Decorative fertilizing schedule title card

Adube quando as plantas estão realmente crescendo, não pelo calendário. Os gramados de estação fria recebem adubo no início da primavera, depois de duas ou três cortadas, e de novo do fim do verão ao começo do outono; os gramados de estação quente esperam até estarem completamente verdes, são adubados ao longo do verão e param antes da dormência. Canteiros de hortaliças, canteiros elevados e vasos seguem cada um o seu próprio relógio, ligado à rapidez com que as raízes pegam.
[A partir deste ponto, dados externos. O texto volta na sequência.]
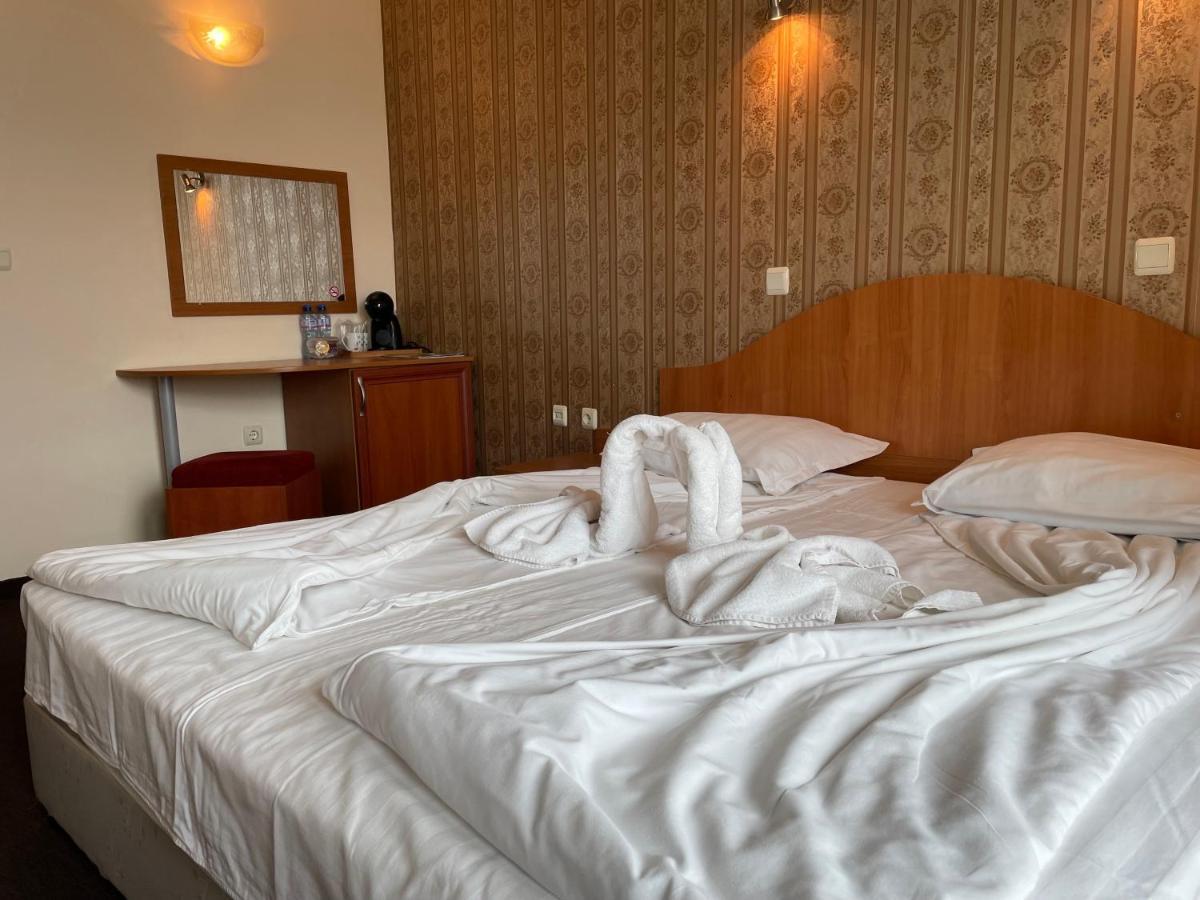Family Hotel Deykin Sunny Beach Eksteriør billede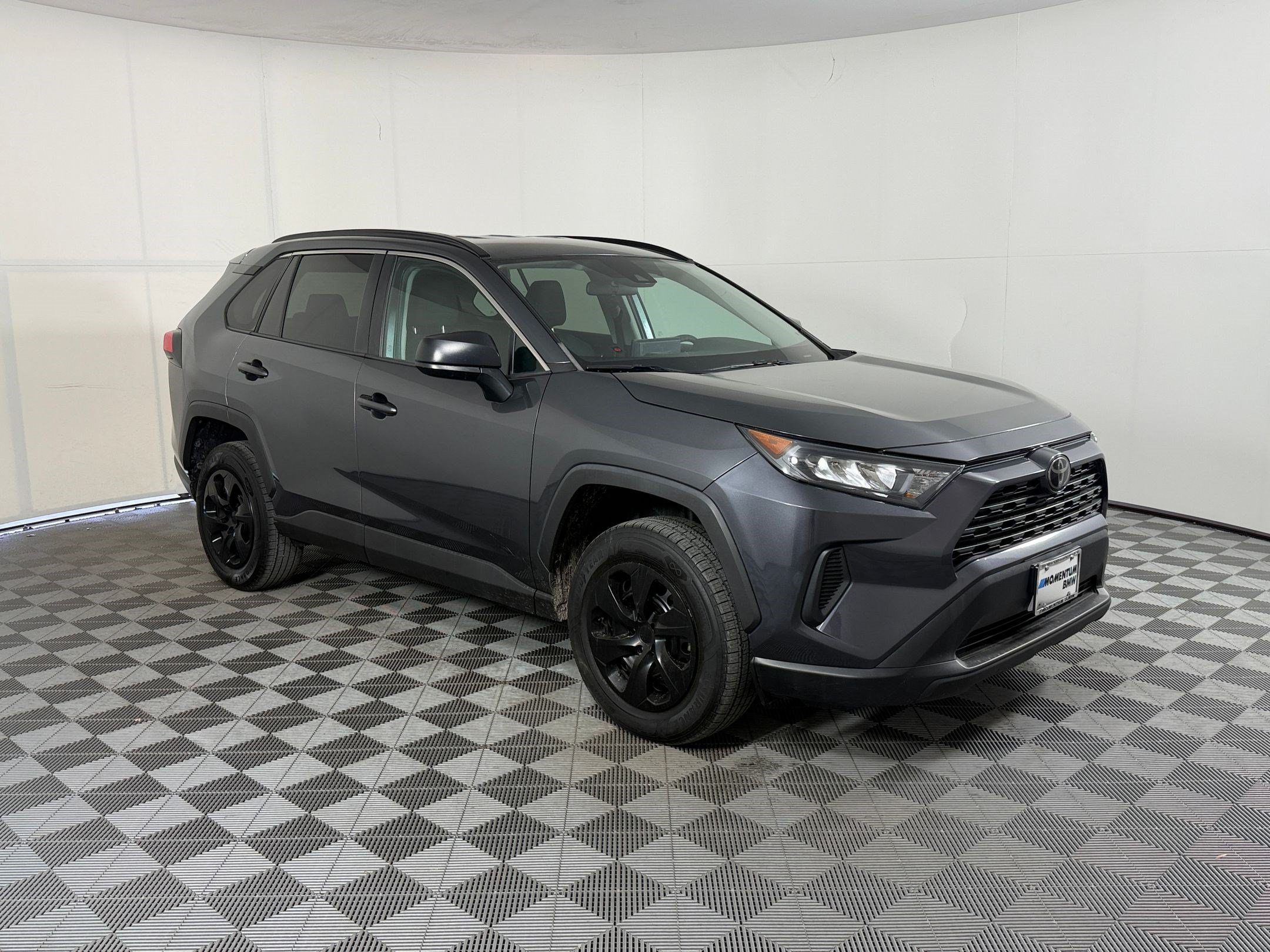 Used 2021 Toyota RAV4 LE FWD image 7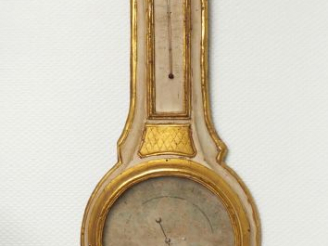 Vente aux enchères Baromètre Louis XVI en bois laqué doré, à décor de guirlandes et de va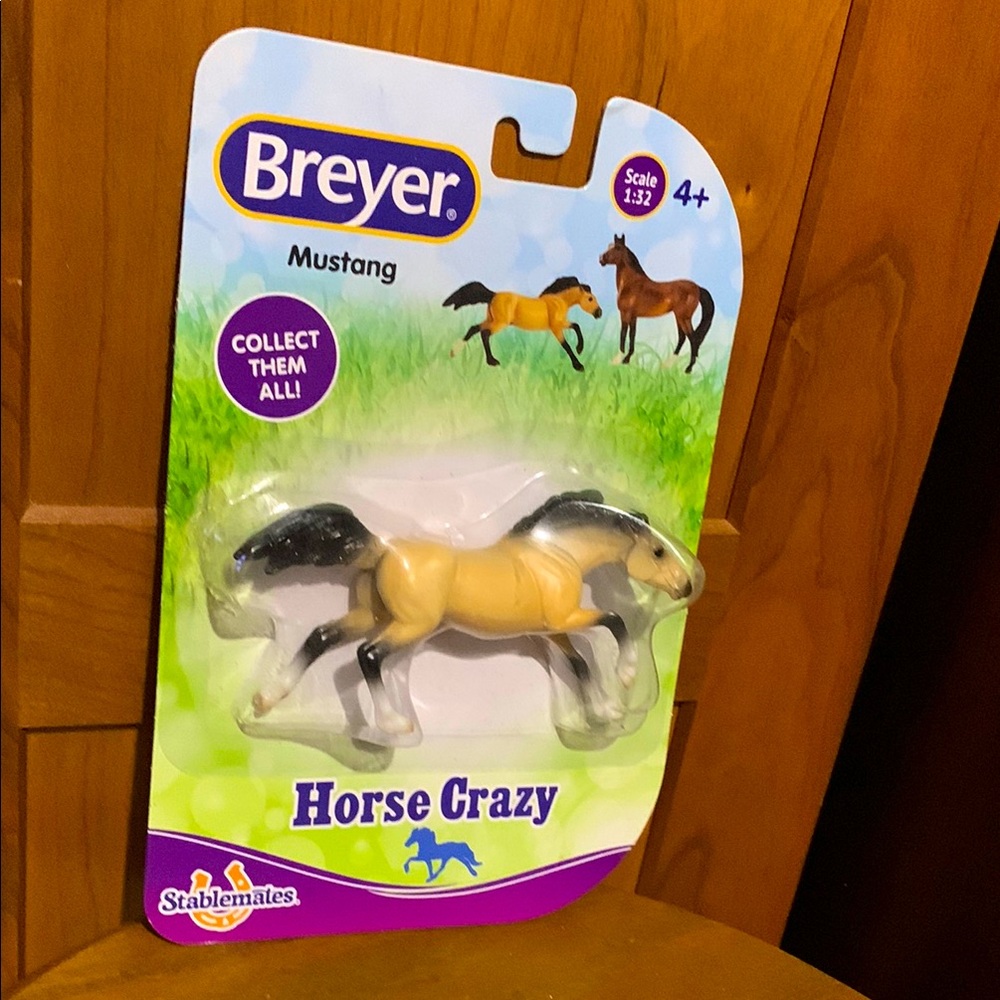 NWT Breyer Horse Crazy Buckskin Mustang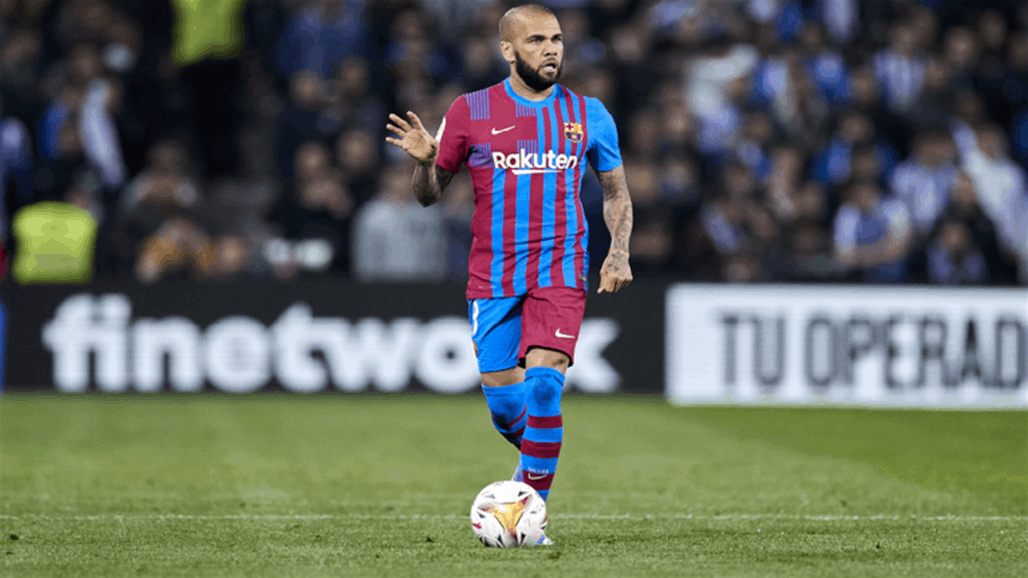 ألفيس يعلق على اقتراب ميسي لعدد بطولاته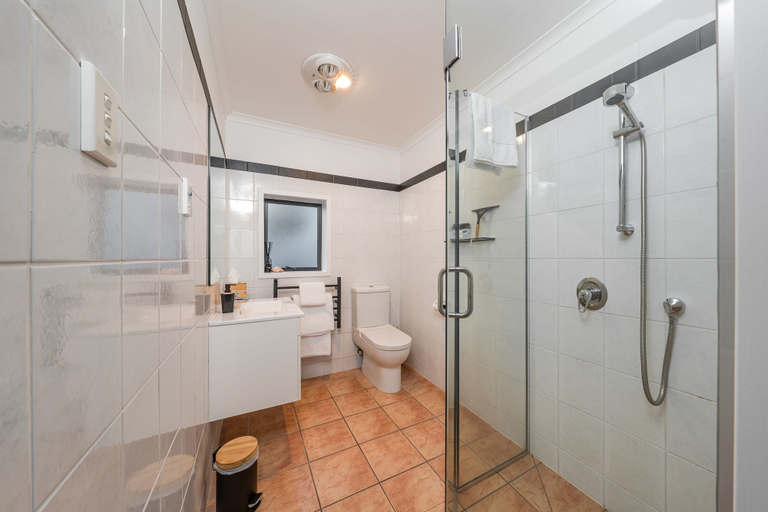 Bathroom 4, Esplanade Apartments, Dunedin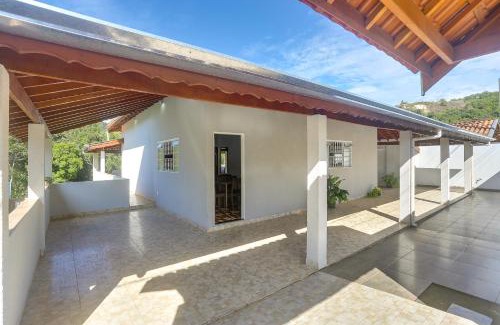 Lindoia House | Guest Rated: Casa São Luis with Pool & Family-Friendly Vibes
Antes de espalhar qualquer coisa, faça uma análise de solo, confira a temperatura do solo ou a retomada do verde e planeje com o quadro dos 4R: a fonte certa, a dose certa, a hora certa e a colocação certa.


Resumindo:

  • A maioria dos gramados só precisa de adubação nos períodos de crescimento ativo: as gramíneas de estação fria depois de duas ou três cortadas na primavera e de novo no fim do verão, enquanto as de estação quente são adubadas depois da retomada total do verde e param antes da dormência.
  • Canteiros de hortaliças e vasos pedem adubações mais frequentes e mais fracas: a cada duas semanas nos canteiros elevados e a cada 3 ou 4 semanas nos canteiros no solo, principalmente nas plantas exigentes como o tomate e a abóbora.
  • Plantas em vaso e de interior devem ser adubadas num ritmo apertado, com adubo líquido diluído a cada 10 a 14 dias nas épocas de crescimento, mas sem adubar no inverno, quando o crescimento desacelera.
  • A adubação deve se basear na temperatura do solo ou na retomada visível do verde, e não em datas fixas do calendário, para evitar desperdício e estresse nas plantas.
  • Uma análise de solo e os sinais biológicos são indispensáveis antes de adubar, porque adubar demais ou na hora errada prejudica as plantas e polui os cursos d’água.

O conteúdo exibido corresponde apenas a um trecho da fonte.